POSTPONEMENT of the enforcement of the MPs election bill by 90 days will not affect the government’s popularity, Prime Minister General Prayut Chan-o-cha said yesterday.
Prayut said he would still keep his promise and that everything would continue to follow the administration’s road map. “I promise the same, and nothing has changed,” the prime minister said after delivering a speech at the 60th-anniversary celebration of the Armed Forces Academies Preparatory School.
However, the premier declined to say whether the National Legislative Assembly’s decision to defer implementation of the MP election bill would be the final delay before the general election, stating that it was not he who had caused the latest postponement.
There was “no before or after the election”, as he has done nothing to change things, he said, while calling on the media not to let people convince themselves that “a situation” had been created.
The premier also said he could not confirm a final determination of the election date, as he was not able to force proceedings through the legal process. The legal process, he added, had not yet ended as a joint law-review committee would be set up if differences is raised by those considering the legality of the bill.
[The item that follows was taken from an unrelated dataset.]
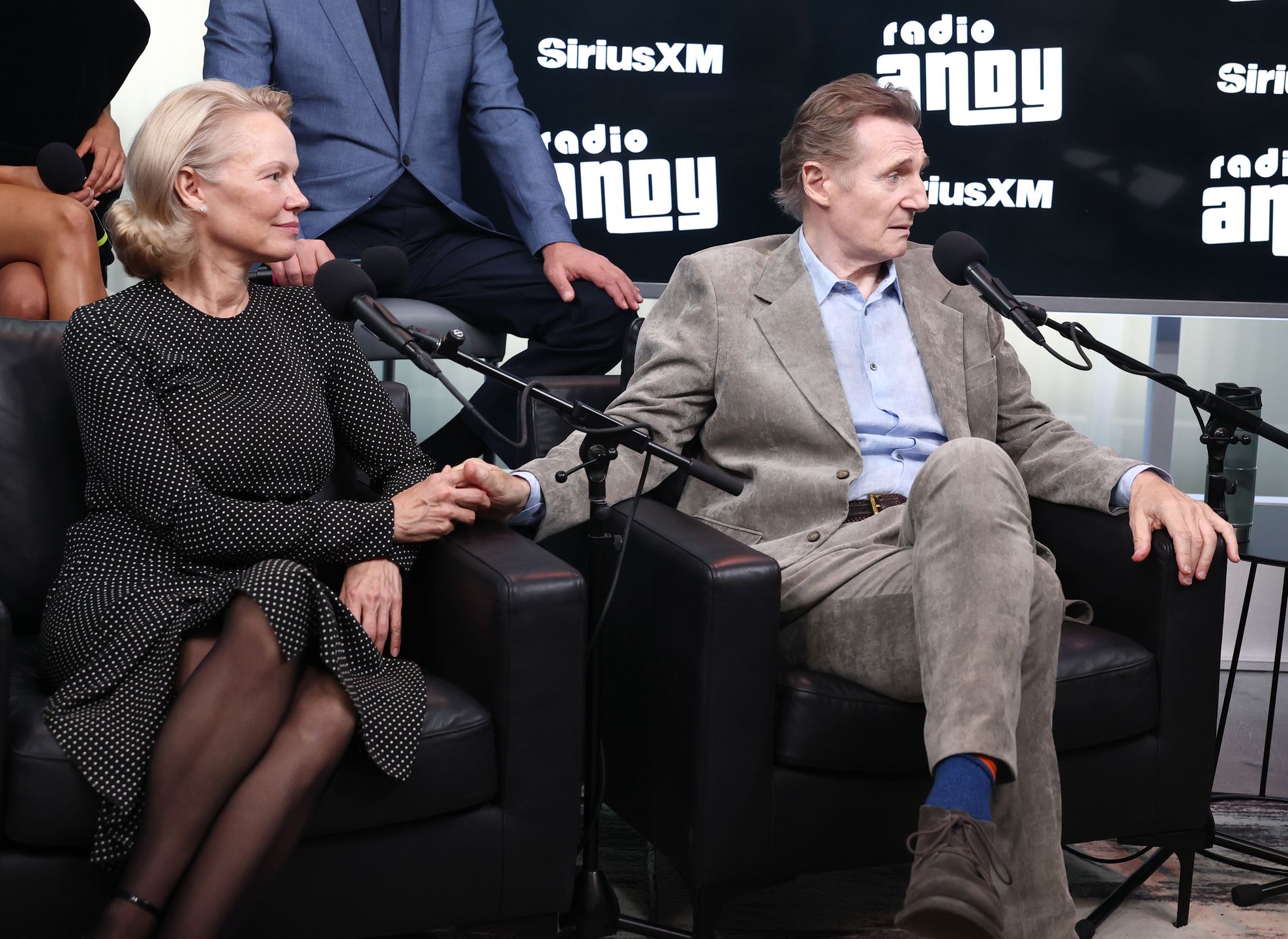 Pamela Anderson i Liam Neeson chętnie okazują sobie czułości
The junta’s mission would be completed in line with the timetable under the road map, he said.
The National Legislative Assembly (NLA) president, Pornpetch Wichaicholchai, meanwhile, defended the postponement of the bill’s enforcement, saying it provided time for political parties to prepare themselves for the new primary voting system.
The charter stipulates that the election must be held within 150 days after the enforcement of the related laws. The delay in the start of enforcement of the MP election bill was intended to give parties enough time to complete what was required before moving ahead to the election, Pornpetch said.